**PROVIDED RECORDS:**
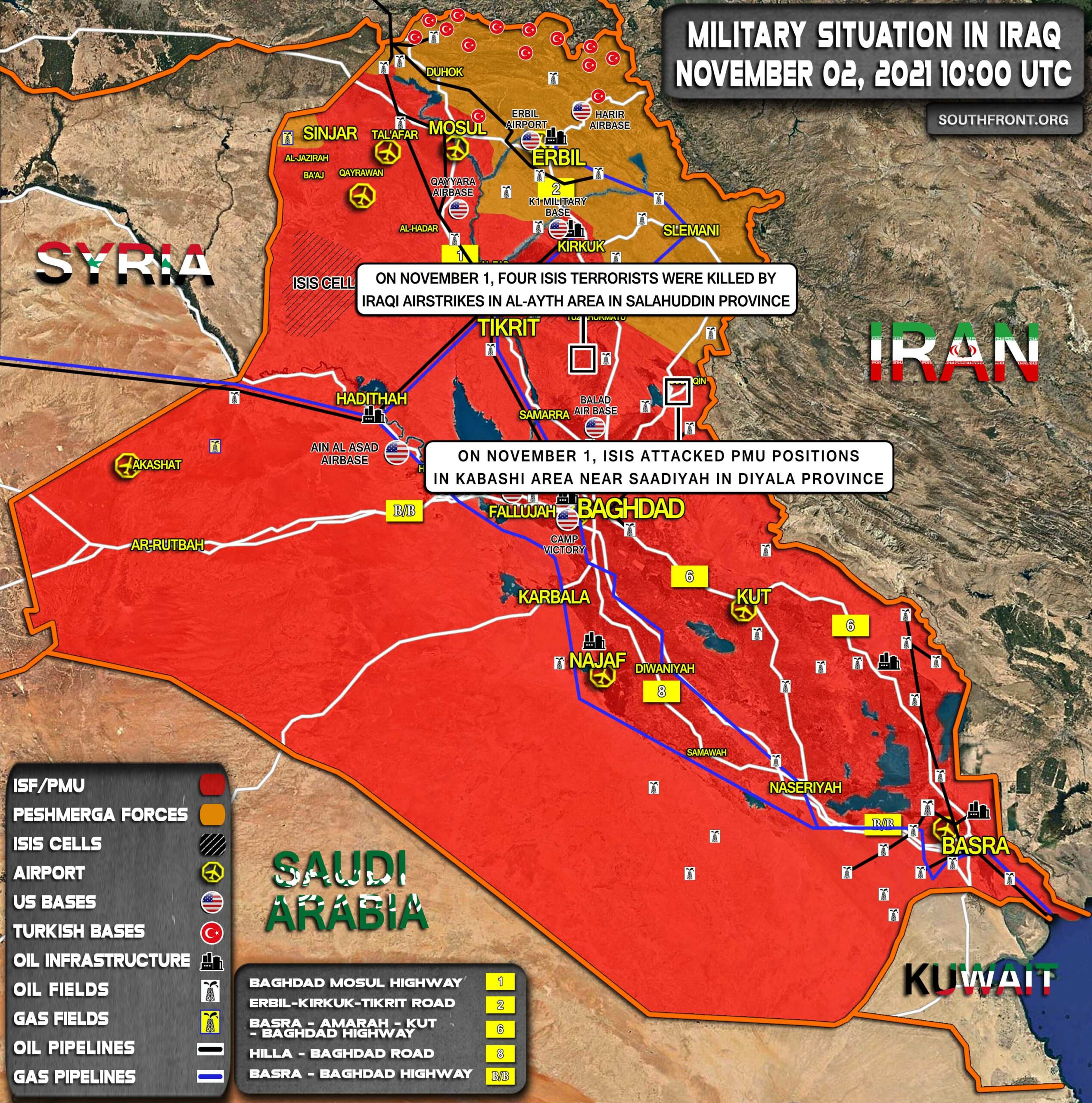 Military Situation In Iraq On November 2, 2021 (Map Update)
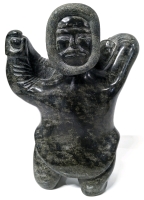 WOWZA! Large Vintage Soapstone Carving of a Kneeling Inuit with Seal | Canada | 10.25" x 6.5" x 14" Tall | Serial No. 99040186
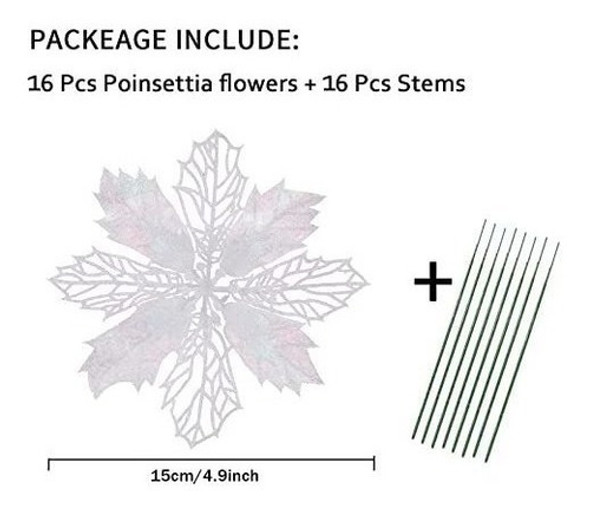 Flores Artificiales De Navidad Blanco (pack De 16) 1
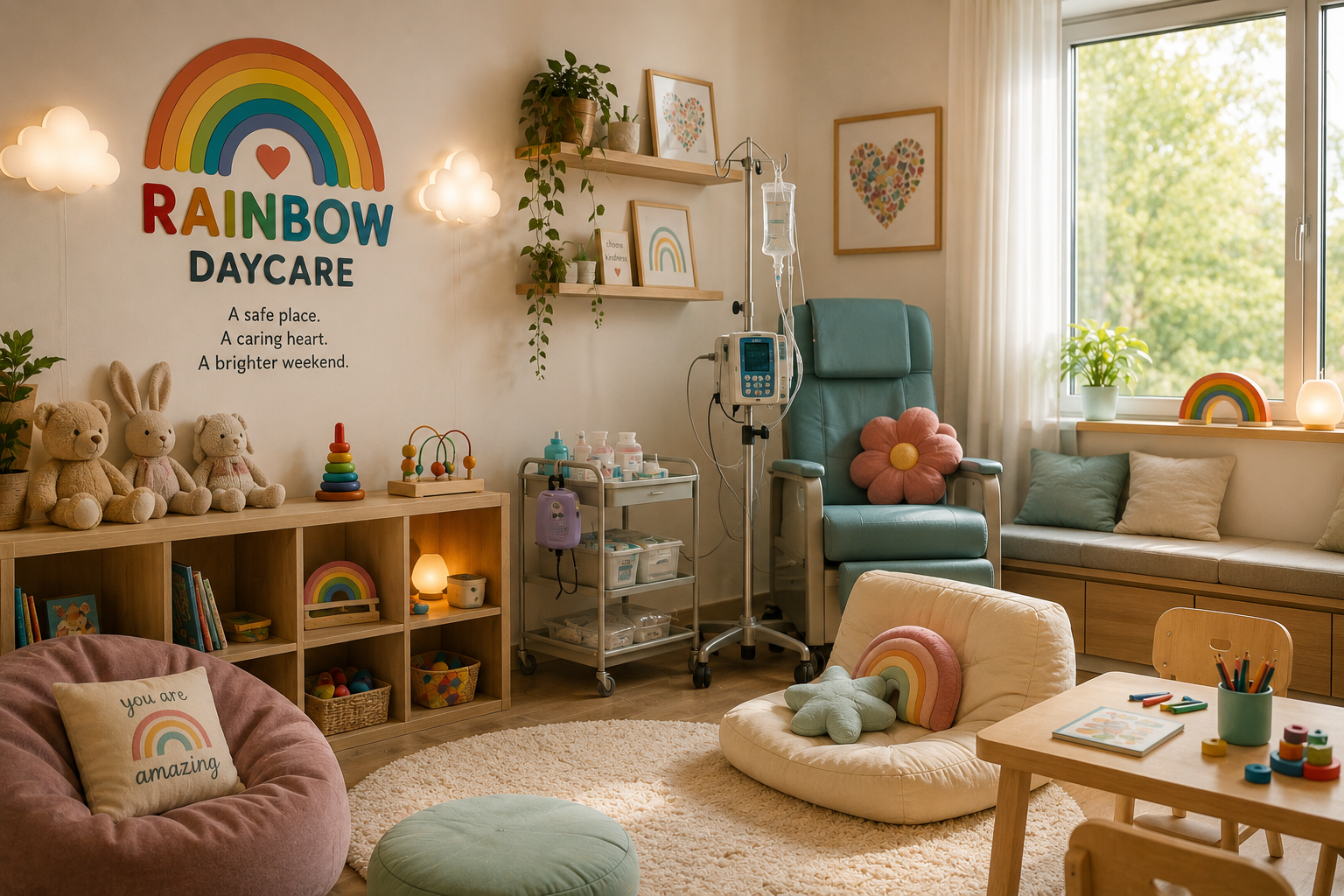 Kinderkamer met versieringen en speelgoed, met een muurdecoratie met regenboog en tekst, een ziekenhuiskar in de kamer, en meubels zoals een roze zitzak met kussen, een lage tafel met tekenmateriaal, en een grote raam met uitzicht op groen buiten.
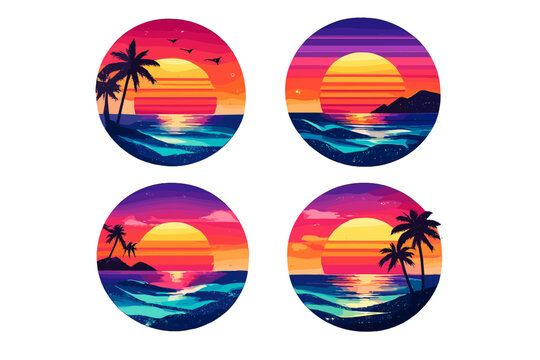 Retro Sunset Beach Circular Art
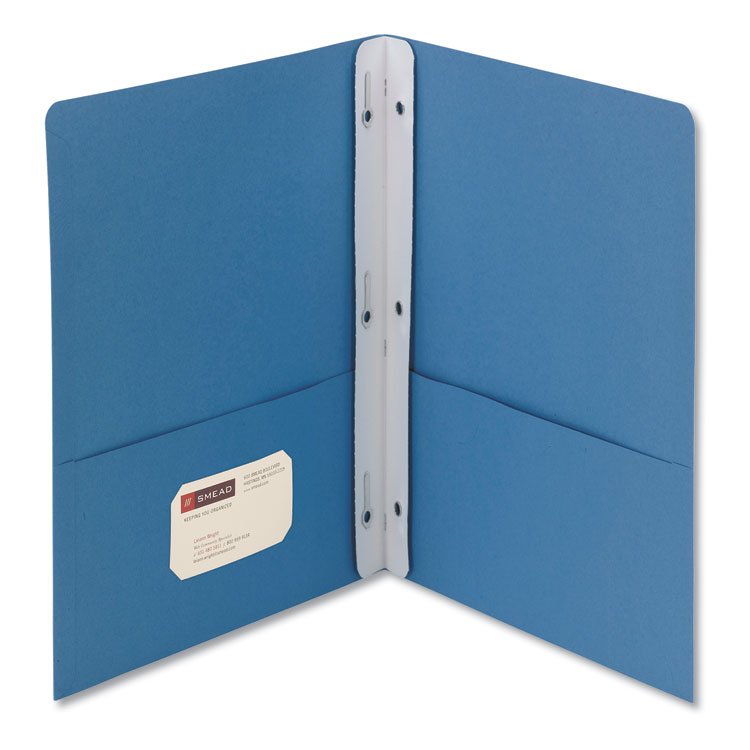 Smead 2-Pocket Folder with Tang Fastener, 0.5" Capacity, 11 x 8.5, Blue, 25/Box (SMD88052)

**REQUIREMENT:**
Output exactly the lines from the line containing "Flores Artificiales De" through the last line of the records, both included, and leave out every picture.

**RESPONSE:**
 Flores Artificiales De Navidad Blanco (pack De 16) 1
 Kinderkamer met versieringen en speelgoed, met een muurdecoratie met regenboog en tekst, een ziekenhuiskar in de kamer, en meubels zoals een roze zitzak met kussen, een lage tafel met tekenmateriaal, en een grote raam met uitzicht op groen buiten.
 Retro Sunset Beach Circular Art
 Smead 2-Pocket Folder with Tang Fastener, 0.5" Capacity, 11 x 8.5, Blue, 25/Box (SMD88052)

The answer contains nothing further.